- [PROBLEM STATEMENT]: Everything from the line containing "Rosa Irish Klöver" to the end of the listing, both included, should be returned exactly, apart from the pictures.

- [DATA EXCERPT]:
******************************
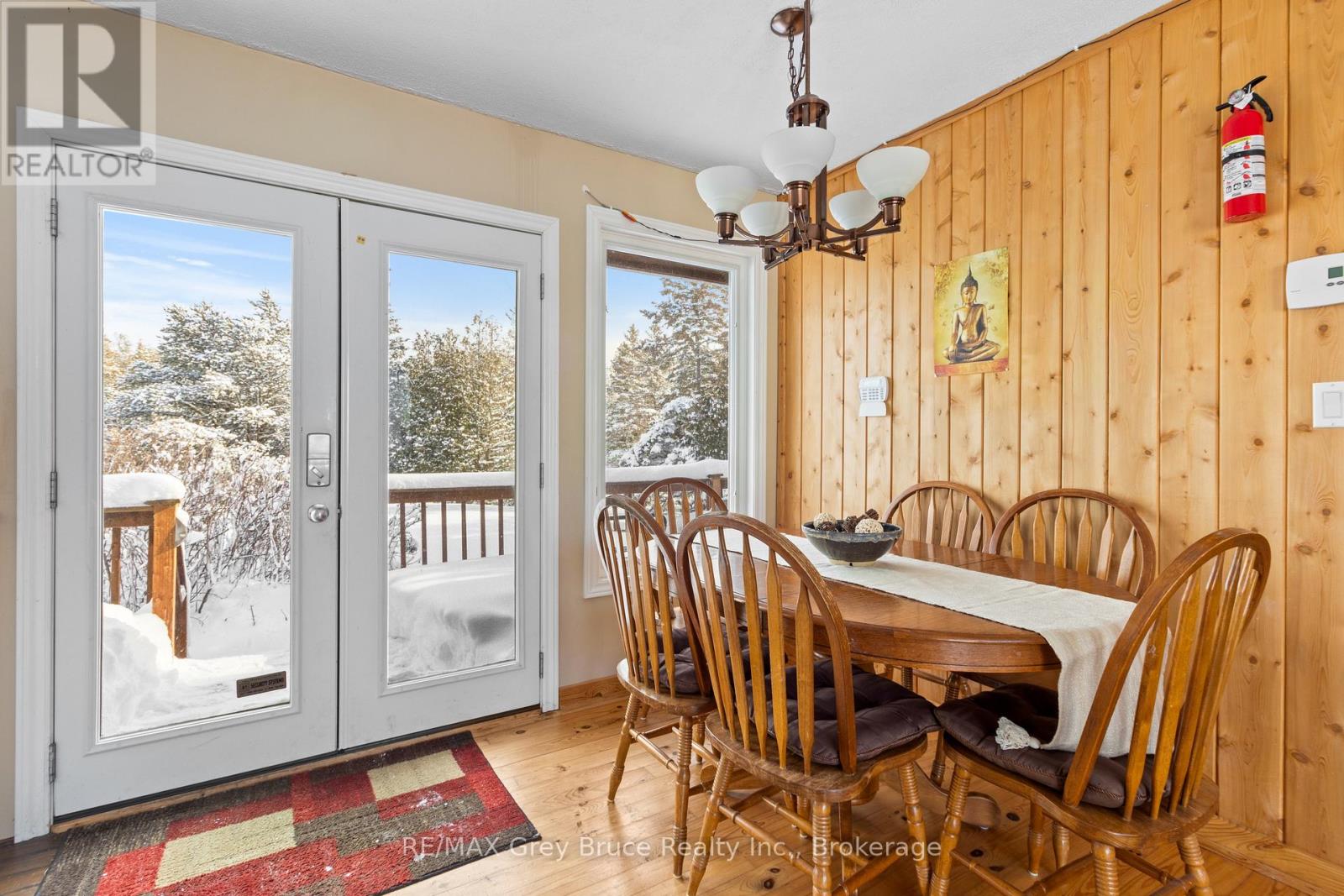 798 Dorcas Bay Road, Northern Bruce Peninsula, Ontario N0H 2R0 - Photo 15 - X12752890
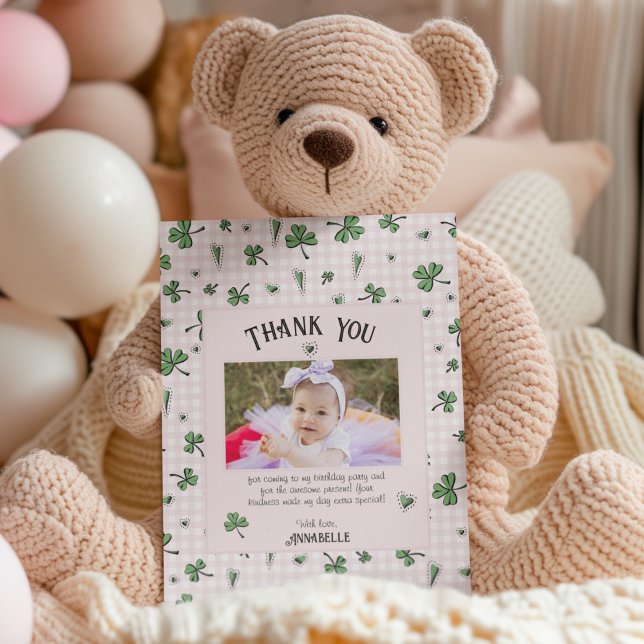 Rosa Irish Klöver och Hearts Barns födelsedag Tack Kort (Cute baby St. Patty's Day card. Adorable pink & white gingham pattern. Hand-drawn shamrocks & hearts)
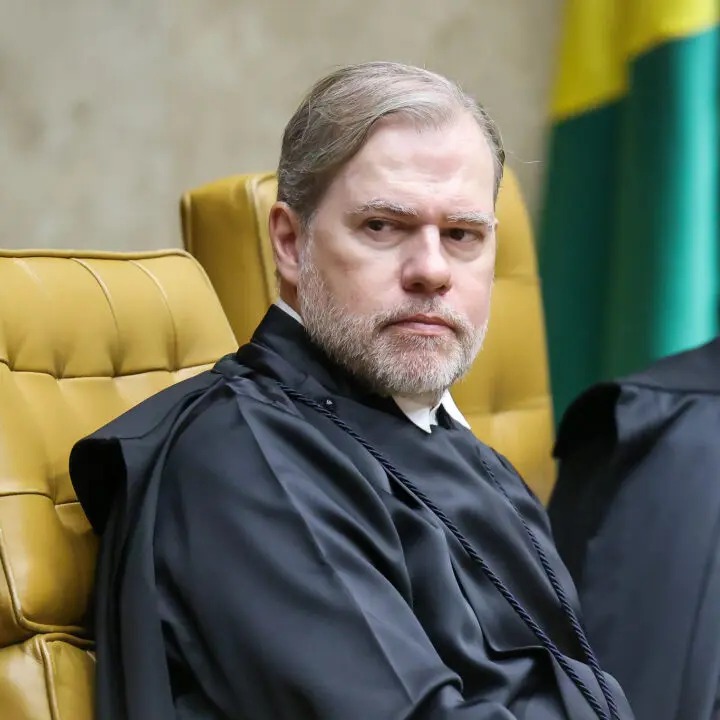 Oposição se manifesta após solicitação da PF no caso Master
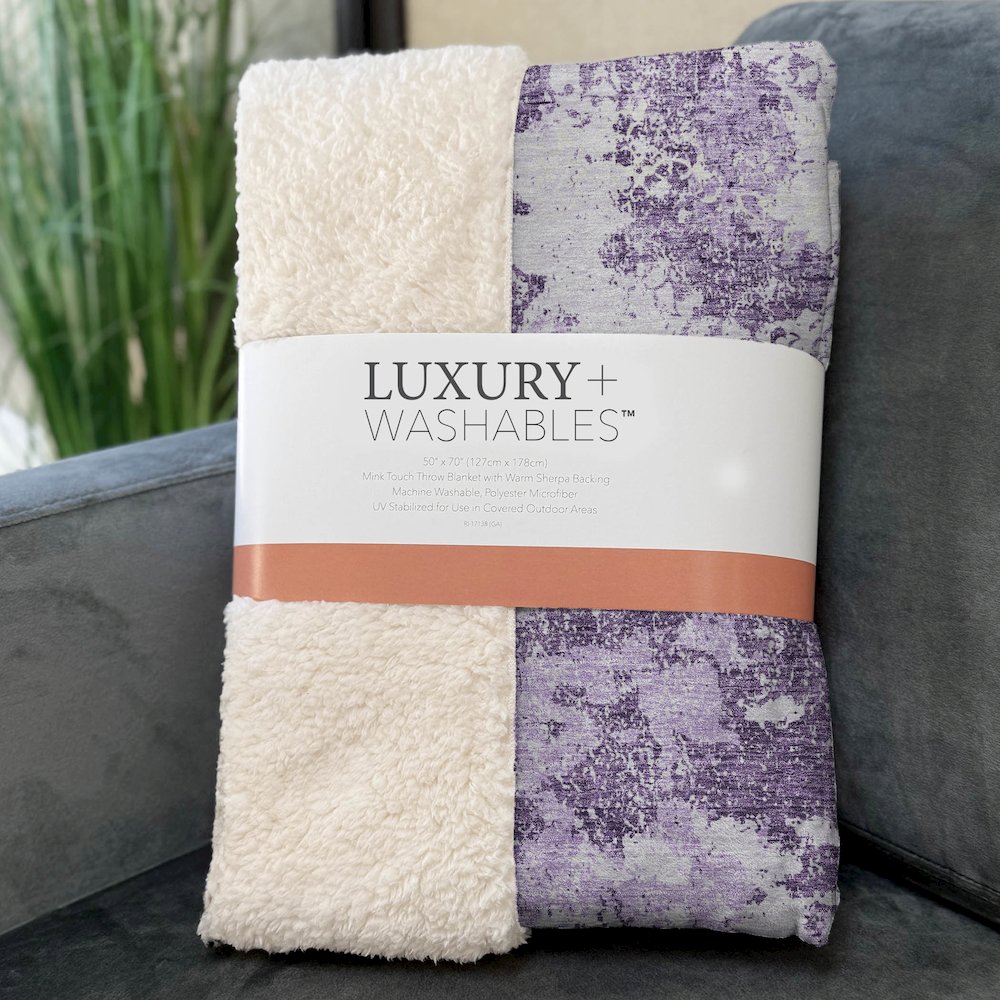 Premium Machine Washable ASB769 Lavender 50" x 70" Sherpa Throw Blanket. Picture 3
******************************
- [SOLUTION TO THIS PROBLEM]:
 Rosa Irish Klöver och Hearts Barns födelsedag Tack Kort (Cute baby St. Patty's Day card. Adorable pink & white gingham pattern. Hand-drawn shamrocks & hearts)
 Oposição se manifesta após solicitação da PF no caso Master
 Premium Machine Washable ASB769 Lavender 50" x 70" Sherpa Throw Blanket. Picture 3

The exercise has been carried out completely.